森保一監督(54)率いる日本が2日朝、W杯で2大会連続のベスト16入り。1次リーグ最終戦でスペインに2-1で逆転勝ちし、ドイツも同居した「死の組」E組を首位突破した。

快挙に「朝から興奮しっぱなし」と頬を緩めたが、すぐ引き締めた。大会前の予想を覆した決勝トーナメント進出も「その他のチームが気になりますね。例えばアルゼンチンが(初戦でサウジアラビアに)負けたり、ジャイアントキリング(大番狂わせ)が非常に多い大会だな」と印象を語った上で、独自の視点を紹介した。
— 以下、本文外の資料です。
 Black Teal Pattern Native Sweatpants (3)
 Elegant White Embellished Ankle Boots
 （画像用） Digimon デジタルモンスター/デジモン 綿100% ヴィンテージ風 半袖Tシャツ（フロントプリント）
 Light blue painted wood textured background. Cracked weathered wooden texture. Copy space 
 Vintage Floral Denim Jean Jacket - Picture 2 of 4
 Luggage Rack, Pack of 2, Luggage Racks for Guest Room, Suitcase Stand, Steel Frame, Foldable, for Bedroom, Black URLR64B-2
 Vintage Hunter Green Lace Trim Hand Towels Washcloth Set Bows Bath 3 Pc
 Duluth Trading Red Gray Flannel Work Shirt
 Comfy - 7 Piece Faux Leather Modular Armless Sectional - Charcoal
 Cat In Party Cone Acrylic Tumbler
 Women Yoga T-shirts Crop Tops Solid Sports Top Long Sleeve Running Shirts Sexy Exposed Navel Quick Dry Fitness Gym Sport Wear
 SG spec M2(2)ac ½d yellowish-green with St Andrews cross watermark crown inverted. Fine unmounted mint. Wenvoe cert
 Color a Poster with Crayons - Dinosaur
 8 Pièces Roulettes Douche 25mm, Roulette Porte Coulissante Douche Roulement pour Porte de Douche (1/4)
「その中で自分が目をつけたところは、日本の活躍はもちろんですけど、ジャイアントキリングされた側なんです。日本に敗れたドイツやスペインといった大国が気になりますね」

かつてサッカー少年だった鈴木監督。04年アテネ五輪の男子100キロ超級で金メダルに輝き、現在は日の丸を背負う男子代表を束ねる。発祥国として世界をけん引する立場から、サッカー界では強豪国の側に立って、ある種の“上から目線”で中継を見ていた。

「ドイツ、スペインのような国は、本大会では格下と呼ばれる国と戦うことが多い。日本の柔道は、そちら側になります。何が負けを招いたのか、敗因は。どのような気持ちで日本と戦ったのか。強国の側に立って試合を見ると、気が引き締まります。日本の勝利を『100%喜ぶ』というより、怖いな、という気持ちで見ていました」

国民のために勝利を目指す森保ジャパンの気持ちは分かる。しかし、日本で3年ぶりに開催となる柔道GS東京を前に、鈴木監督は勝負師モードに入っていた。

「もちろん全力で戦った日本の活躍は素晴らしいんですけど、負けた側の気持ち、戦い方、心理状況も知りたいなと思ってしまうんです」

東京五輪で7階級のうち5階級で金メダルをつかんだ日本男子。パリ五輪へ、ディフェンディングチャンピオンを抱えながら、かつ次代の育成も担う鈴木監督にとって、ドイツとスペインを初めて倒した日本のように突き上げる国、南米や欧州を苦しめたアジアのような地域は自然と警戒してしまう。

「絶対に負けられない戦い」。柔道界ほど顕著な競技もない。自身に置き換えると、背筋が伸びた。「日本、やったー! という気持ちよりも、勝負って怖いなっていう気持ちになりながら」挑戦を受ける側の心理でW杯から学んでいる自分がいた。

日本は6日深夜0時の決勝トーナメント(T)1回戦で、前回準優勝のクロアチアと対戦する。

「決勝Tで日本がどのような戦い方をするのか、優勝を目指している国がどういう対応をするのか、いろいろな目で見ていこうと思っています」

ここから先、新たな景色の初のベスト8を目指すサムライブルー。野心あふれる戦いも楽しみだが、一発勝負で下克上を許さないV候補の立ち居振る舞いも参考にしたい。